The profession’s ethics are in the spotlight and junior lawyers want change

Guest post by Dana Denis-Smith, founder and CEO of Obelisk Support

Denis-Smith: Firms need to show, not tell

A report published earlier this month by the Legal Services Board highlighted the ethical risks faced by today’s lawyers.

Looking at areas where lawyers’ conduct can undermine their commitment to the rule of law, the report detailed concerns around the abusing or taking of unfair advantage of other parties, for example through use of so-called strategic lawsuits against public participation (SLAPPs), the misuse of non-disclosure agreements and the facilitation of ‘creative compliance with the law’ amongst other practices.

Not for the first time in recent years, the profession’s ethics are under the spotlight, so it should not be a surprise that for the next generation of lawyers there is an expectation that the legal sector move with the times and evolve to match a changing world – one where profitability is not necessarily the top priority.

The latest Obelisk Support report into the culture of law firms and in-house legal teams – World in Motion: Why the legal profession cannot stand still – found that nearly three-quarters of junior lawyers surveyed agreed or strongly agreed that they would not join an organisation whose values did not match with their own, even if they were offering more money.

An even higher proportion (86%) said they were looking to effect positive change in society through their work as a lawyer and nearly two-thirds said employers should allow them to refuse to work on certain matters for ethical reasons.

They want to see the culture of their workplaces change and are increasingly frustrated that the profession is being held back by partners still wedded to the traditional ways of doing things and perhaps resentful at the thought of the next generation having it easier than they did.

The importance of workplace culture when it comes to ethics has been highlighted by the Law Society, which is currently undertaking a three-year project on ethical standards, focusing on the need to go beyond the strict application of rules, to ethical behaviour more broadly.

It has found that the profession wants more support in relation to culture change, as well as areas such as client selection and onboarding, ESG (environment, social and governance) issues, corporate structures and the independence of in-house counsel.

Former Law Society president Lubna Shuja says that workplace culture could be a root cause for unethical behaviour and conduct and highlights the importance of leadership and creating an “environment that that supports, rather than prevents or suppresses, ethical behaviour”.

For in-house lawyers, the key ethical question has always been maintaining their independence.
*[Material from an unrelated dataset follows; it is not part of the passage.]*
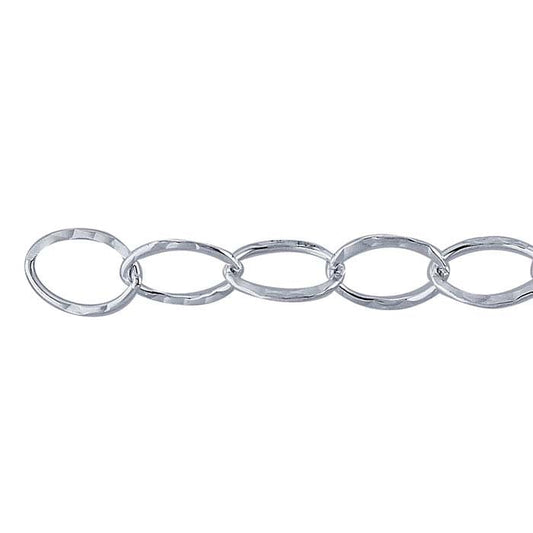 Sterling Silver Hammered Flat Oval Cable Chain
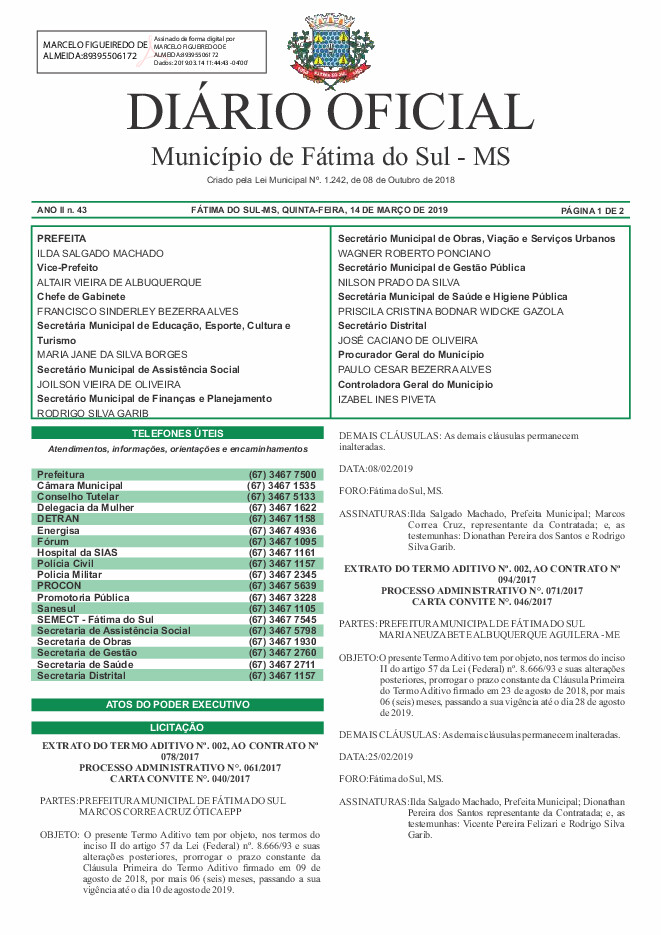 Diário Oficial - Edição nº 43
Solicitors Regulation Authority (SRA) research published earlier this year found that in-house lawyers were generally able to withstand pressures but a minority reported demands to act unethically – 10% of the 1,200 surveyed said their regulatory obligations had been “compromised”.

In response, a group of in-house lawyers called on the SRA to issue more guidance, to reach out to the chief executives and boards of employers to outline the regulatory requirements of in-house solicitors, and require that a summary of professional duties should be included in in-house lawyers’ employment terms.

Regulators and professional bodies have an important role to play in shaping culture, creating a framework that gives young lawyers agency and the ability to push back or question what they are being asked to do.

It is, of course, nonsense to suggest that all younger lawyers are, or should be, motivated solely by higher ideals. Just on a practical level, the salaries on offer in the City are obviously attractive to those weighed down by student debt.

Many, however, are looking beyond financial compensation and want to work for an organisation whose culture and values reflects their own, working in a role that does not require them to compromise on their own ethical codes.

If businesses want to continue to attract and retain junior lawyers, they must ‘show, not tell’. It will not be enough to draft the policies and send out the press releases – they have to prove they mean something.

They must consider the values of the organisation and its purpose. That goes beyond just professional ethics, to the implementation of diversity initiatives, considering environmental and sustainability credentials, and looking at the which suppliers they use. It means considering which clients they are prepared to act for and the pro-bono work they undertake.

Some law firms are embracing this and legal businesses such as my own have become one of a handful to become certified as a B Corp, meeting rigorous social and environmental standards that represent our commitment to goals outside shareholder profit.

Others are becoming employee-owned businesses – a small but growing trend in the law.

While law firms are businesses like any other and look to maximise profits, there is a growing realisation that there are alternative ways to measure success.